Hedge funds, private equity houses and other investment partnerships are leading the charge towards gender diversity in financial services despite their “boys club” reputation, according to a new report out today.
Still only 12 per cent of partners working in this area are women, but this is up from 10 per cent last year, global executive search firm DHR International found.
But the report compared this with the fact that seven per cent of chief executives in financial services as a whole are women.
Some 405 partners out of 3,509 were female in 2015, according to an analysis of Financial Conduct Authority figures.
“While hedge funds and private equity houses are moving in the right direction when it comes to improving diversity at the most senior level, women still remain a small minority at the executive committee level,” said Stephane Rambosson, managing director and head of financial services at DHR International.

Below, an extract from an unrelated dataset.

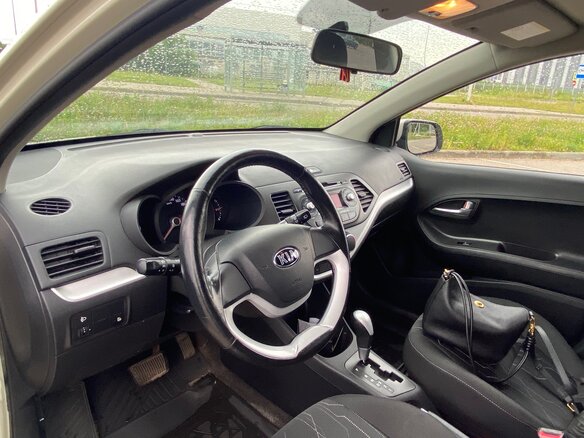 2013 Kia Picanto II, бежевый - вид 4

“The fact that hedge funds and private equity houses are doing better than the overall financial services sector challenges the “boys club” reputation that they have been associated with in the past.”

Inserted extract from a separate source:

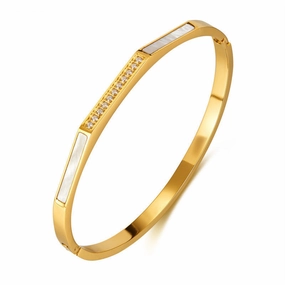 Wholesale Vintage gold-plated titanium steel bracelet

He added: “In an industry which is fiercely meritocratic, the opportunities are certainly there for the taking as firms compete to attract and retain the best people to drive their business forward. However, there are some practical hurdles to overcome.
“As diversity imbalances can often exist at all levels, strategies such as nurturing talent through the ranks by encouraging positive role models and implementing mentoring schemes are important steps, but take time to yield visible results.”